* [What is expected]: Restate word for word the material below, starting at the line that contains "RGB 12 цветов" and stopping after the last line; skip pictures.

- - - - -

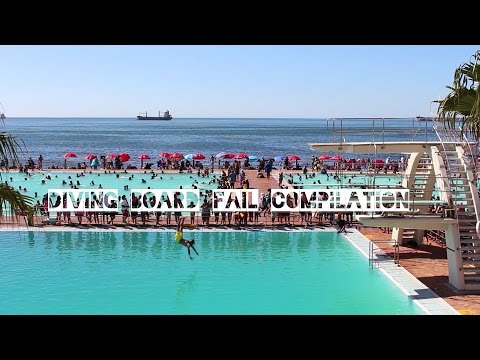 Diving Board Fail Compilation - Sea Point Pavilion Pool in Cape Town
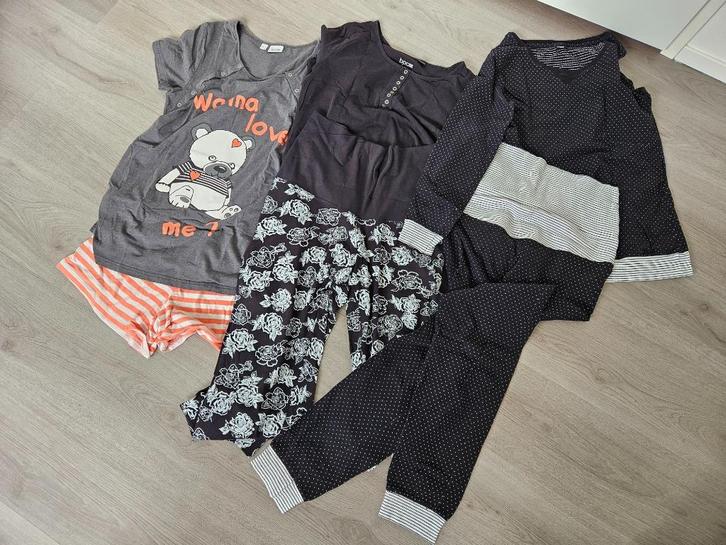 Zwangerschaps pyjama's, Kleding | Dames, Pyjama's, Zo goed als nieuw, Maat 38/40 (M), Ophalen of Verzenden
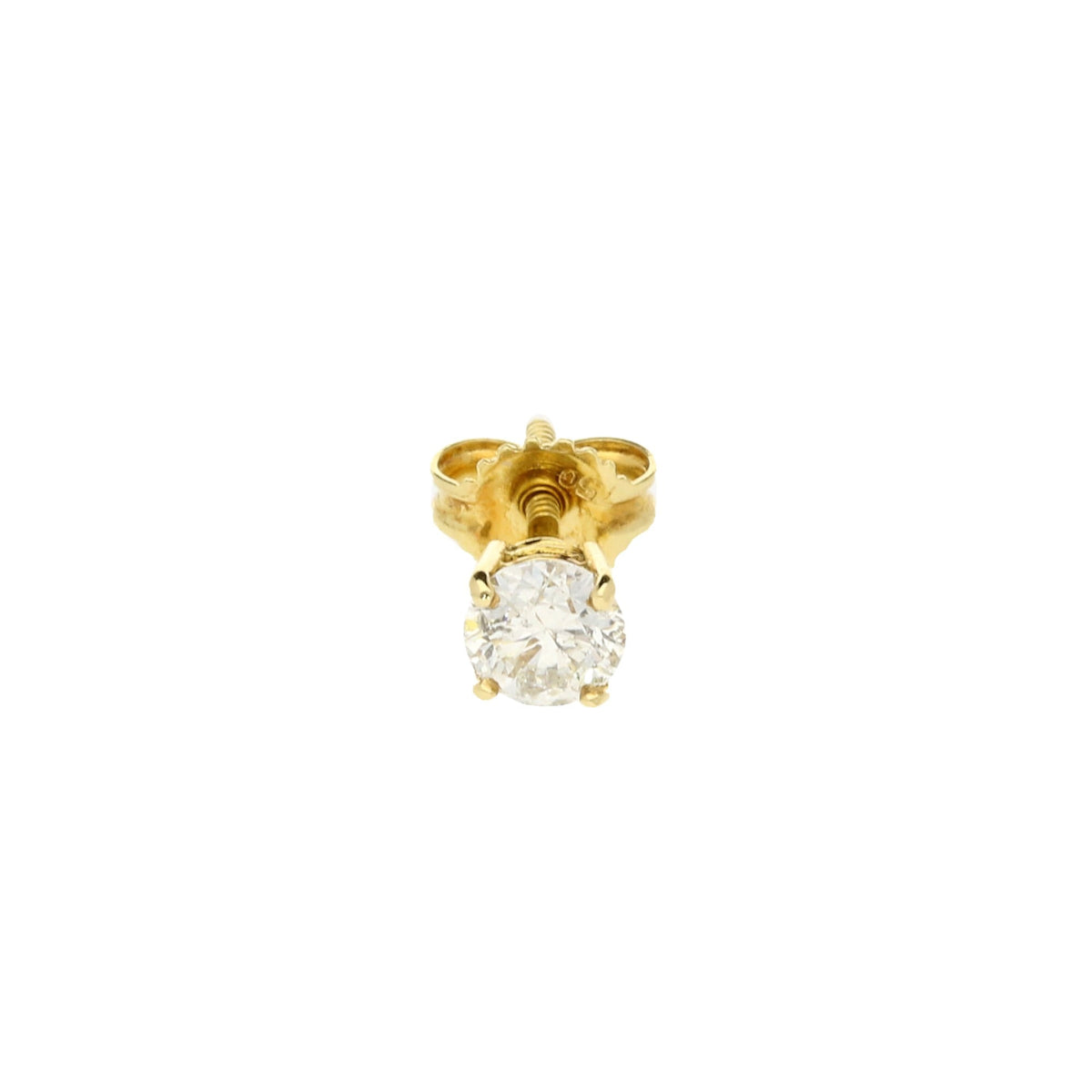 18ct Yellow Gold Gents Diamond Earring 0.46ct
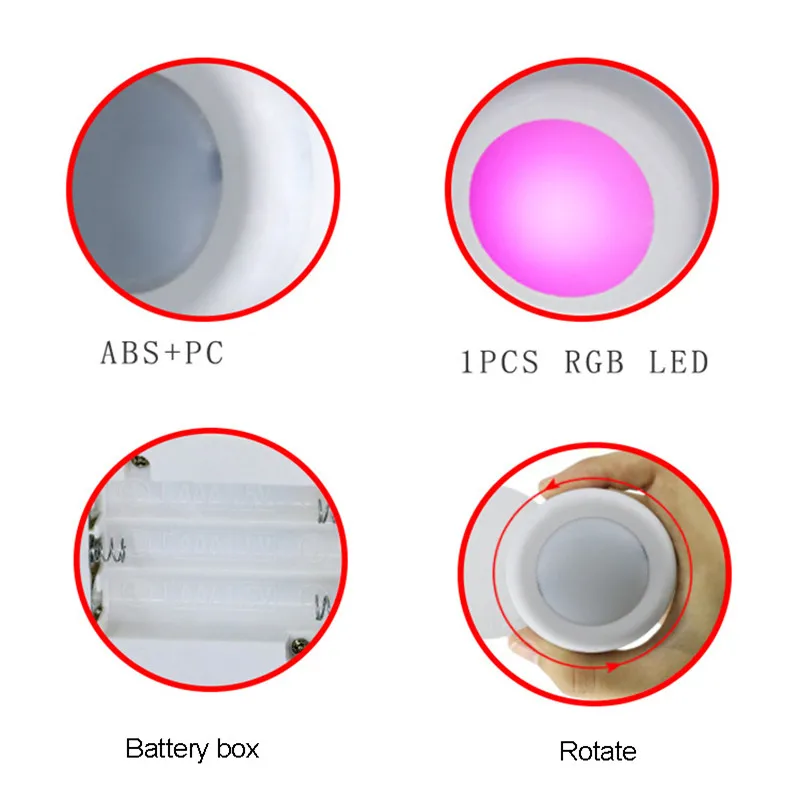 RGB 12 цветов светодиодный ночник сенсорный с регулируемой яркостью дистанционным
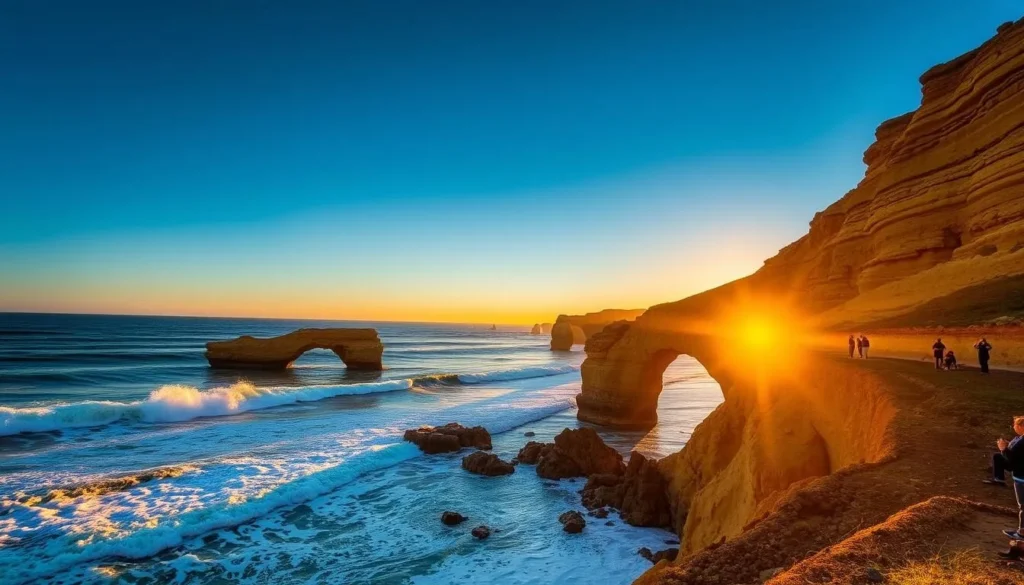 Sunset Cliffs Natural Park with dramatic ocean views in San Diego County California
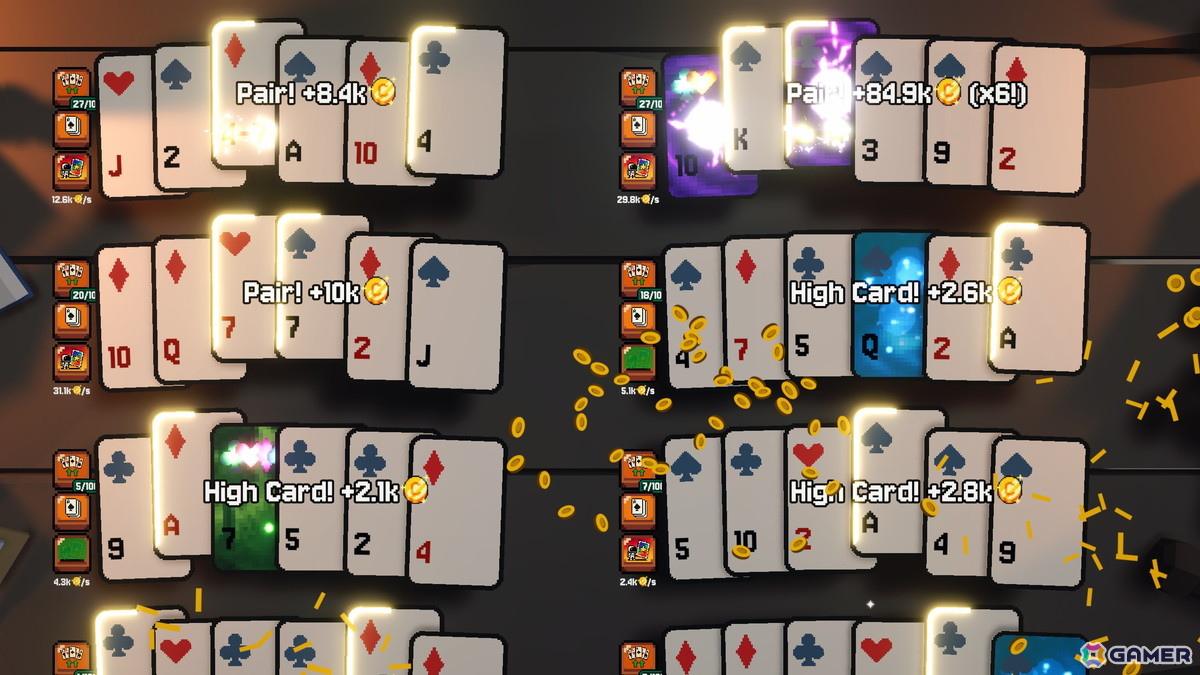 新感覚のポーカー風インクリメンタルゲーム「This Ain't Even Poker, Ya Joker　こんなのポーカーじゃない」がSteamで正式リリース！の画像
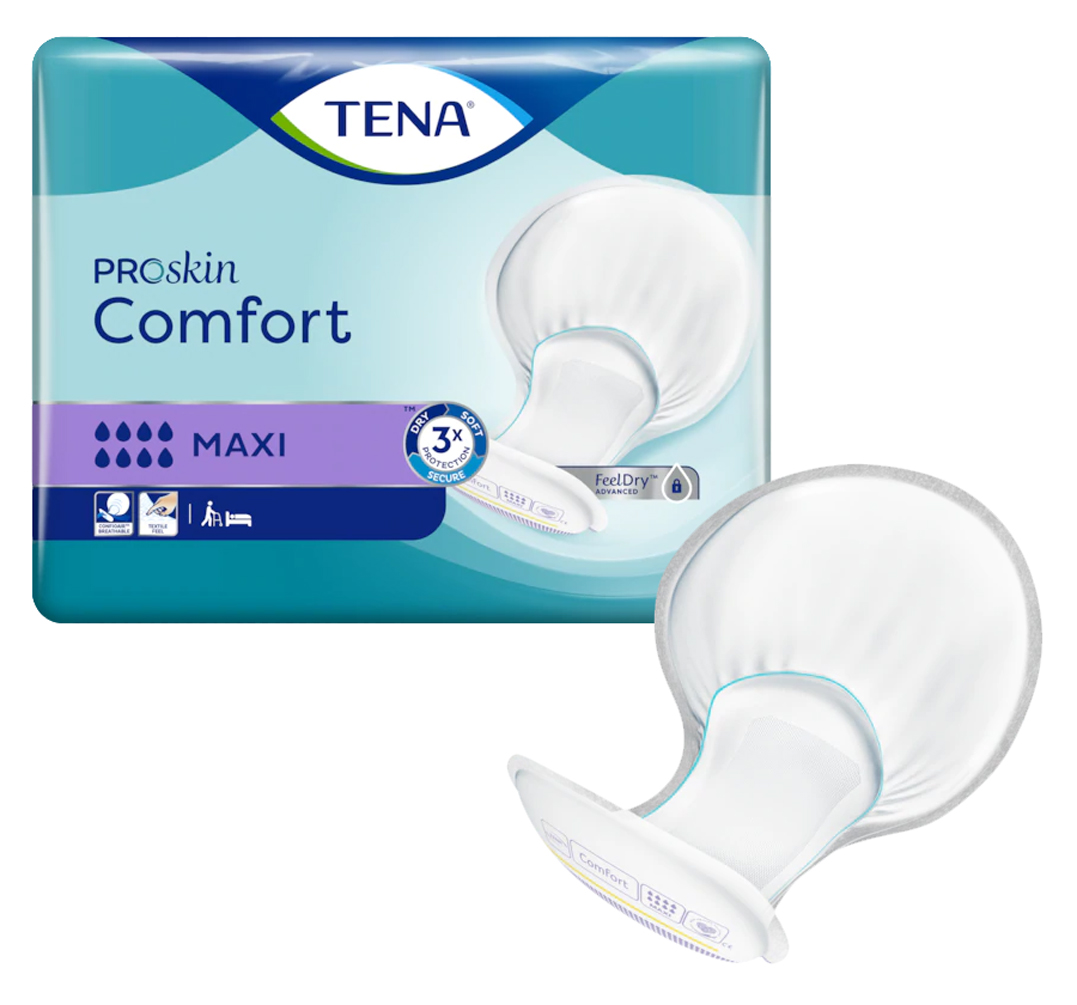 TENA Comfort Proskin - Protections Anatomiques - Maxi - Paquet de 34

- - - - -

* [Exercise solution]:
 RGB 12 цветов светодиодный ночник сенсорный с регулируемой яркостью дистанционным
 Sunset Cliffs Natural Park with dramatic ocean views in San Diego County California
 新感覚のポーカー風インクリメンタルゲーム「This Ain't Even Poker, Ya Joker　こんなのポーカーじゃない」がSteamで正式リリース！の画像
 TENA Comfort Proskin - Protections Anatomiques - Maxi - Paquet de 34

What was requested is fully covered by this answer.